■ **Assignment**
Please give back each line of the material unchanged, but without the images.

■ **Provided records**
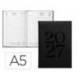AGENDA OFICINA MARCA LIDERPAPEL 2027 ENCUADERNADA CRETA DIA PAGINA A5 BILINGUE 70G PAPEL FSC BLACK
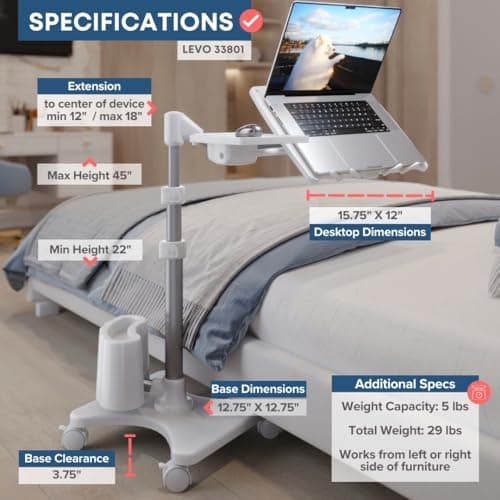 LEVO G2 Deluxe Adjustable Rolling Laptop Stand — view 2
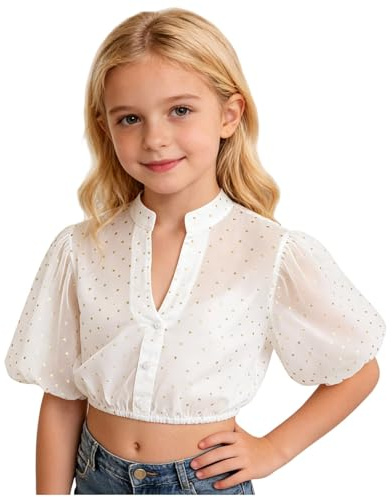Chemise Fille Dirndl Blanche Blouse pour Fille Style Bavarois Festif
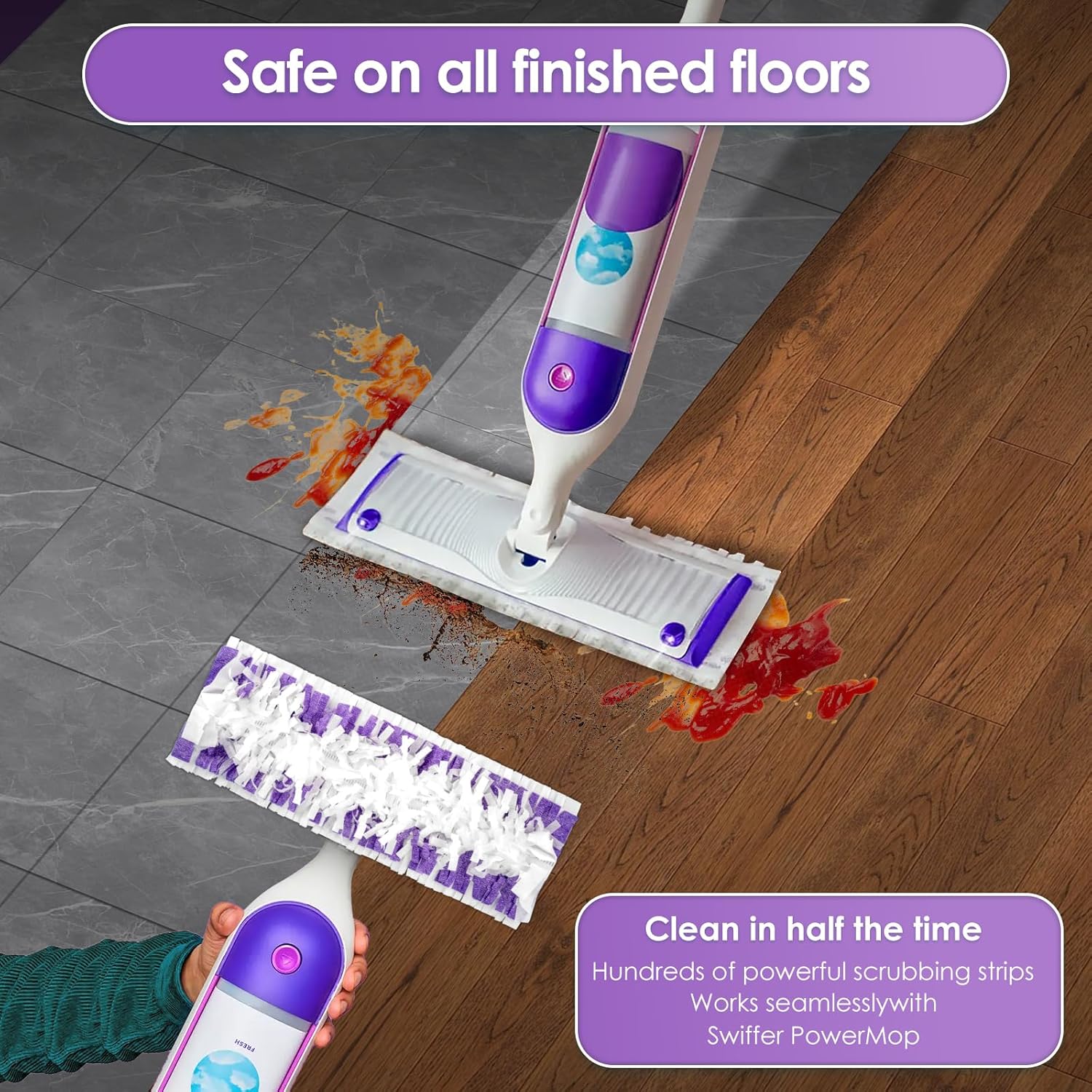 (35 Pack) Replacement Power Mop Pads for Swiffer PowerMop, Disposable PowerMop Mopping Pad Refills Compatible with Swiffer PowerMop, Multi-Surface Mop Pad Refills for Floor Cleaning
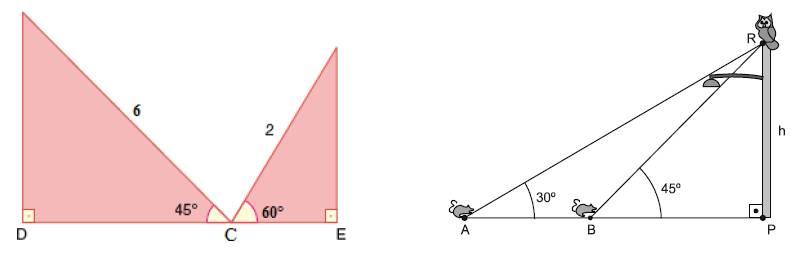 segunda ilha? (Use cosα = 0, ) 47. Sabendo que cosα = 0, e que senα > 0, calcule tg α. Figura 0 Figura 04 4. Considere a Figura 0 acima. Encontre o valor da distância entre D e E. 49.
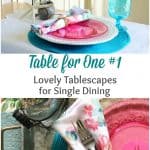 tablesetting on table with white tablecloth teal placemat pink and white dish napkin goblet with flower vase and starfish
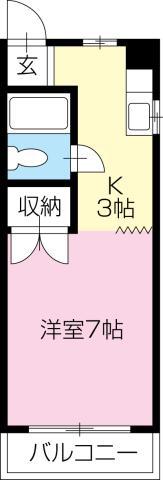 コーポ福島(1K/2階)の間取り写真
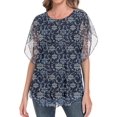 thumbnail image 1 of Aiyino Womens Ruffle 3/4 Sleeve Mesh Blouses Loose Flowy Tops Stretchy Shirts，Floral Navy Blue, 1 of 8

■ **Response box**
AGENDA OFICINA MARCA LIDERPAPEL 2027 ENCUADERNADA CRETA DIA PAGINA A5 BILINGUE 70G PAPEL FSC BLACK
 LEVO G2 Deluxe Adjustable Rolling Laptop Stand — view 2
Chemise Fille Dirndl Blanche Blouse pour Fille Style Bavarois Festif
 (35 Pack) Replacement Power Mop Pads for Swiffer PowerMop, Disposable PowerMop Mopping Pad Refills Compatible with Swiffer PowerMop, Multi-Surface Mop Pad Refills for Floor Cleaning
 segunda ilha? (Use cosα = 0, ) 47. Sabendo que cosα = 0, e que senα > 0, calcule tg α. Figura 0 Figura 04 4. Considere a Figura 0 acima. Encontre o valor da distância entre D e E. 49.
 tablesetting on table with white tablecloth teal placemat pink and white dish napkin goblet with flower vase and starfish
 コーポ福島(1K/2階)の間取り写真
 thumbnail image 1 of Aiyino Womens Ruffle 3/4 Sleeve Mesh Blouses Loose Flowy Tops Stretchy Shirts，Floral Navy Blue, 1 of 8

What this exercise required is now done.